Na verdade, essas pesquisas não são perguntas, mas antes de tudo afirmações. São uma forma mais sofisticada de comunicação entre o BC e os agentes de mercado.
“Minha aposta é de que o Banco Central ao formular essas perguntas já sabe a resposta que vai ouvir. Não são simples perguntas, mas sim uma forma muito clara de comunicação”, acredita Perfeito.
No caso atual, o que BC está tentado fazer é “convencer” o mercado de que tanto o juro neutro quanto o desemprego natural estão caindo.
Dessa forma, seria possível tirar inclinação da curva de juros futuros. Reduzir o custo do dinheiro no longo prazo.
O mercado comprou a ideia de que a Selic cai para um dígito, mas não mostra plena convicção de que a taxa básica pode ficar lá por muito tempo.
Isso se traduz em um aumento na inclinação da curva futura, que, por sua vez, mostra a previsão de retomada dos ajustes de alta na taxa Selic.
O boletim Focus divulgado na segunda-feira conta essa mesma história.
A Selic projetada para o fim do ano é de 9,5%, mas a taxa básica de juros esperada para o fim de 2013 subiu de 10,38% para 10,75%.
Conforme já discutido previamente, não é que o mercado esteja apostando claramente contra o BC. O que o mercado não quer é pagar para ver se autoridade monetária está certa.
Dentro desse contexto, Perfeito ressalta dois pontos.
O primeiro é que acredita ser possível levar a taxa de juros a patamares equivalentes aos de outros países emergentes.
Mas isso é possível se, e somente se, esse movimento de queda da taxa de juros for acompanhado por uma série de medidas que resultem na eliminação de distorções que caracterizam nossa atual estrutura de formação de preços.
Aqui entram os temas desindexação da economia, mudança no perfil do financiamento da dívida pública e alteração na fórmula de remuneração da caderneta de poupança.
O segundo ponto é mais urgente, diz Perfeito. Na ata do encontro de janeiro, o Comitê de Política Monetária (Copom) ressaltou que o Brasil está absorvendo uma quantidade enorme de poupança externa e que esse movimento de fluxo de capitais tende a ser perene.
O resultado desse fluxo tem sua face mais clara na apreciação do real, mas também se manifesta em outras formas de apreciação de ativos.
Na visão do economista, um mercado que deve ter uma pressão altista é, justamente, o mercado de juros. Com taxas em zero, e em muitos casos negativas ao redor do mundo, a rentabilidade dos títulos brasileiros soa mais do que atraente.
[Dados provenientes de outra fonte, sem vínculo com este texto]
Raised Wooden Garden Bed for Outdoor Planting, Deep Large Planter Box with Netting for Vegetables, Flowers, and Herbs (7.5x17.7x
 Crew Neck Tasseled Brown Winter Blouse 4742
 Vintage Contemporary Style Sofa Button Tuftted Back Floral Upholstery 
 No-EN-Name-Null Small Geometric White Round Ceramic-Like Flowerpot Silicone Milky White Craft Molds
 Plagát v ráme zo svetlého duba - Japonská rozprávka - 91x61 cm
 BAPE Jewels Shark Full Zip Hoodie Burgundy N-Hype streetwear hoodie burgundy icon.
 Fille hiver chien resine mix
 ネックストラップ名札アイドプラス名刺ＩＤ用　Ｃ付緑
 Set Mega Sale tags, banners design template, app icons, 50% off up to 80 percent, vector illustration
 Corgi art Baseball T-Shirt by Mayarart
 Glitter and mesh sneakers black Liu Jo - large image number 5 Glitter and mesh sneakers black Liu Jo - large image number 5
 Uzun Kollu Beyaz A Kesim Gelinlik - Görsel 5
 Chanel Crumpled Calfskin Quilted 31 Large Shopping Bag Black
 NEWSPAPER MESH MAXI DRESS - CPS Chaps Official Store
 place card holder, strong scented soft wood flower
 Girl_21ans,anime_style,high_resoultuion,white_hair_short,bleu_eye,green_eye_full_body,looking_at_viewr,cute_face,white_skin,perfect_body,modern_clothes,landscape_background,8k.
Com a maior demanda por esses títulos, especialmente os de prazo mais longo, a tendência é que seu preço suba e que sua taxa de juros recue.
“Esse movimento ainda será sentido com mais força. E o que o BC está fazendo agora é jogar com o consenso de mercado para que ele ocorra mais rápido e para que a curva futura deixe de ser tão empinada”, acredita Perfeito.